Asked whether Chen's fears of persecution if sent back to China would be considered, Downer said: ``He's spoken out (against Beijing) very recently. That's something the immigration department will obviously have to weigh up.

``They'll have to take into account the implications of refusing his protection visa application, and in those circumstances he'd be sent back to China,'' Downer told Australian television.
Downer said he was unaware of claims of large numbers of Chinese spies operating in Australia, but added the government did not comment on intelligence matters.

The Australian newspaper recently reported that the number of Chinese agents in Australia had increased sharply during the past decade and now outnumbered Soviet spies during the Cold War.

It said that the nation's main spy agency, the Australian Secret Intelligence Organization (ASIO), had set up a new counter-espionage unit to boost surveillance of foreign spies.
Citing unnamed government sources, the daily said that Australia has been targeted aggressively in recent years by Chinese spies seeking information on military-related technology and strategic policy secrets.

The small Greens party criticized the Australian government on Sunday for its handling of Chen's asylum application, saying the government had put trade above human rights.

Party leader Bob Brown said Chen had written to the Australian government in late May asking for his asylum request to be urgently processed, but had received no protection.

``The idea of sending this man back to China is unthinkable -- it would be tantamount to ending this man's life and that of his family,'' Senator Brown told reporters.

Chinese Diplomat in Australia Seeks Asylum

June 5, 2005 By THE ASSOCIATED PRESS

SYDNEY, Australia (AP) -- A senior Chinese diplomat in Sydney who abandoned his post and is seeking political asylum in Australia came out of hiding Saturday to address a pro-democracy rally.

Chen Yonglin, 37, the consul for political affairs at the consulate-general in Sydney, walked out of the mission a week ago. Shadowed by a security guard, he appeared Saturday at a Sydney rally to commemorate the June 4, 1989, crackdown on the Tiananmen Square pro-democracy protests in Beijing.

In a wide-ranging address, Chen outlined examples of what he said were kidnappings, life imprisonments and executions of dissidents by the Chinese government.
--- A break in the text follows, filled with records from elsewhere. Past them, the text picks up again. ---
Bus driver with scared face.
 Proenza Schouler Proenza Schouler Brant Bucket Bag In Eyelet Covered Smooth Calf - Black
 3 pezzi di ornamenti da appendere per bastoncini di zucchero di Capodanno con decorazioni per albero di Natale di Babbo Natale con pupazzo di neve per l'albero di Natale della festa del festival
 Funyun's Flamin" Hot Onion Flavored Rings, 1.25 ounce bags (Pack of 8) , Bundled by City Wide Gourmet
''I feel very unsafe,'' Chen told the rally of several hundred. ''In 16 years, the Chinese government has done nothing for political reform. People have no political freedom, no human rights.''

Chen, who said he had worked at the Sydney consulate for four years, expressed hope that the Australian government would offer him protection ''so I will not have to hide again.''

Chen has been in hiding with his wife and their 6-year-old daughter.

In a statement issued Sunday, China's Consul-General accused Chen of claiming asylum purely to remain in Australia. ''To achieve the aim of staying in Australia, Chen Yonglin fabricated stories, which are unfounded and purely fictitious,'' a spokesman for the Chinese Consul-General Qiu Shaofang said in a statement.

On Sunday, Amanda Vanstone, Australia's immigration minister said Chen's request for political asylum would be considered on its merits.